Coe blamed the errors largely on “human factors,” including miscommunications and an optimistic view of the intelligence.

The strike occurred about two days after the coalition began watching a vehicle suspected of carrying Islamic State fighters. Coalition war planners began preparing for a deliberate strike, a process where a specific target is hit after several days or weeks of monitoring. But after officials viewed the vehicle interacting with several other groups believed to be part of the Islamic State group, the plan shifted to an opportunistic — or dynamic — targeting process.

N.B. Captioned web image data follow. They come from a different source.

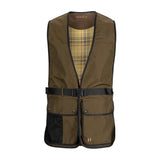 Härkila - Retrieve Dummy Vest fra Härkila - billede nr. 1 hos GrejFreak.dk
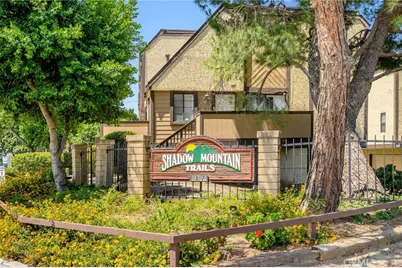 11300 Foothill Boulevard #63, Lake View Terrace, CA 91342 - Photo 34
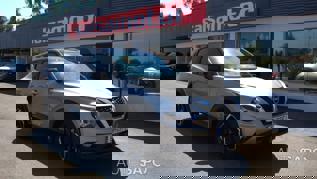 Nissan Juke 1.0 DIG-T N-Connecta DCT de 2024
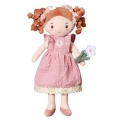 babyono-lalka-przytulanka-lily.jpg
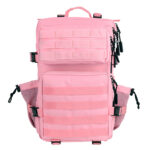 fashion-womens-tactical-bag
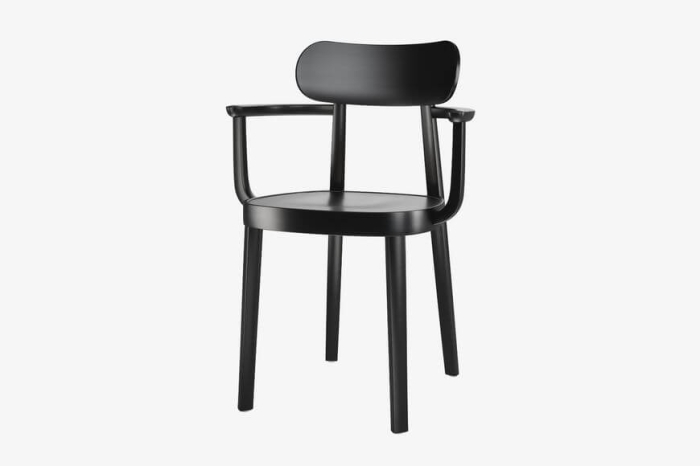 csm_Thonet_Stuhl__118_MF__FS0_1_340fe466e3.jpg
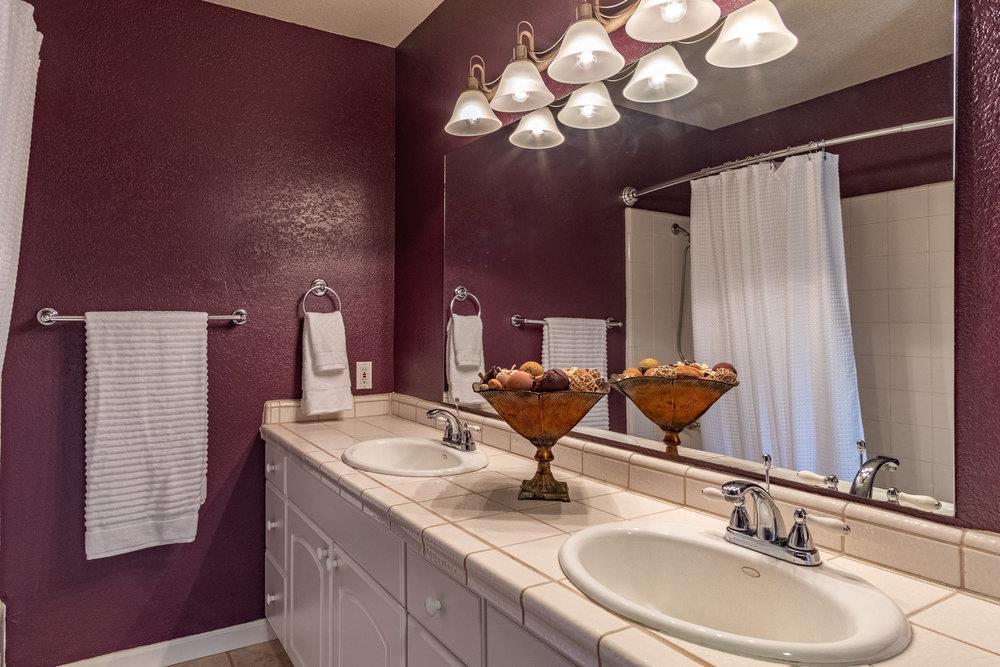 129 Live Oak Road Watsonville, CA 95076 - Photo 46 of 74 Gallery Image 46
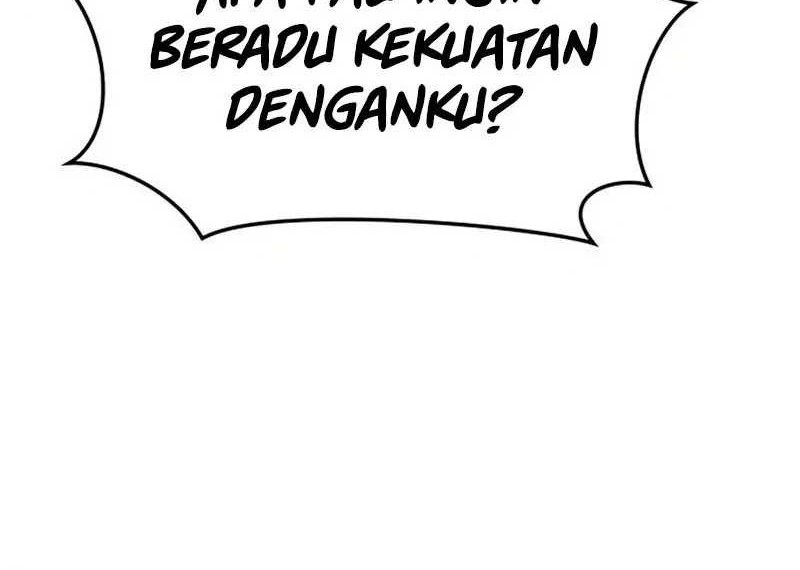 Chapter 131 - halaman 42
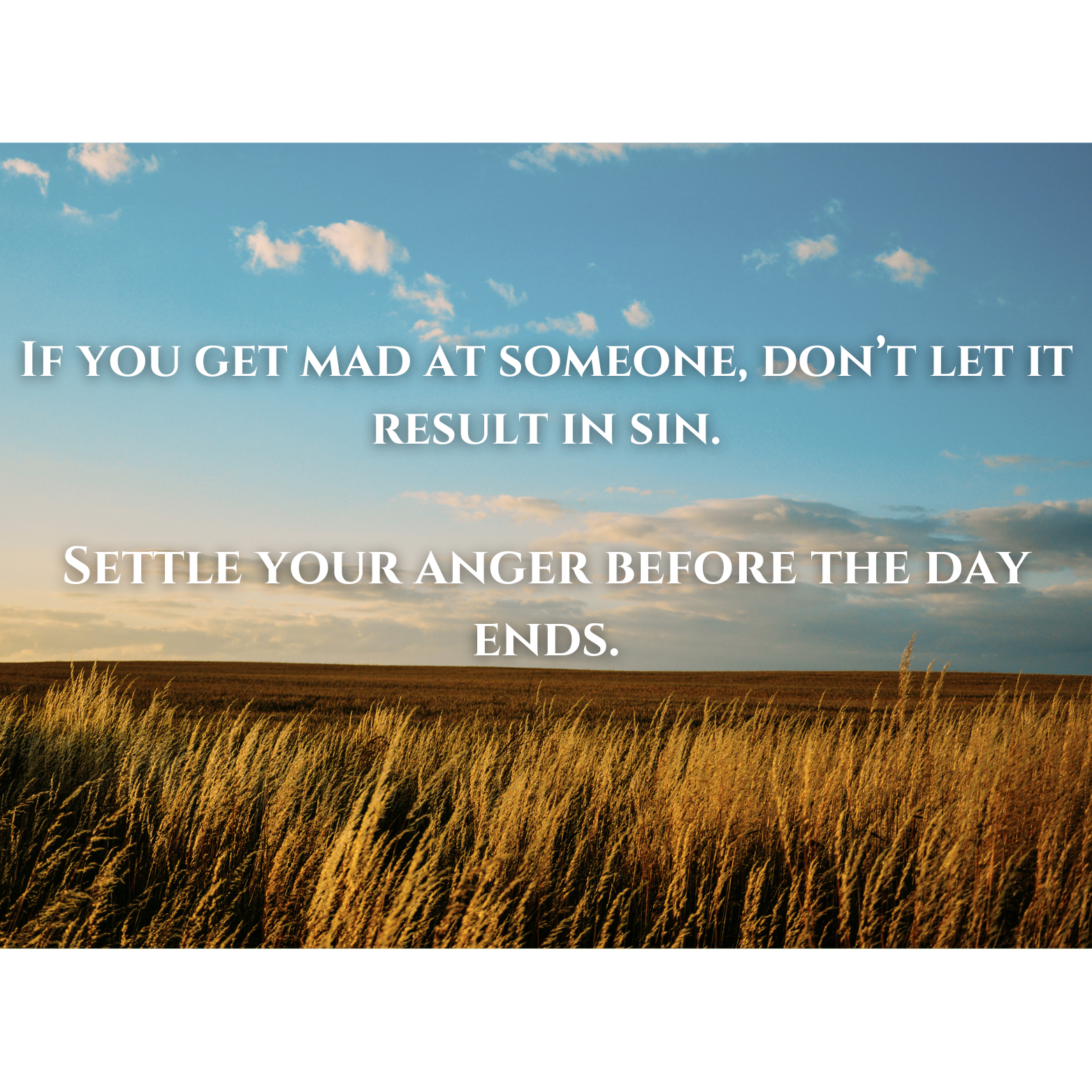 Challenge is Loading_edited.png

However, at least one intelligence analyst concluded before the airstrike that the forces being targeted could not have been the Islamic State group, Coe said. But that information was never relayed to decision-makers after other analysts concluded they were Islamic State militants.

A group of F-16s, F/A-18s, A-10s and drones dropped 34 precision-guided bombs and shot 380 rounds of 30-millimeter ammunition at the target before the strike was abruptly halted after the Russian military advised the coalition that it was shooting at Syrian government forces.

The strike should have ended earlier, Coe said. The Russians, who back the Assad regime, delayed reporting the errant strike to the coalition for 27 minutes because they were unfamiliar with the officer who answered the hotline that the two countries use to avoid mishaps in the skies over Syria. During that delay, 15 bombs were dropped.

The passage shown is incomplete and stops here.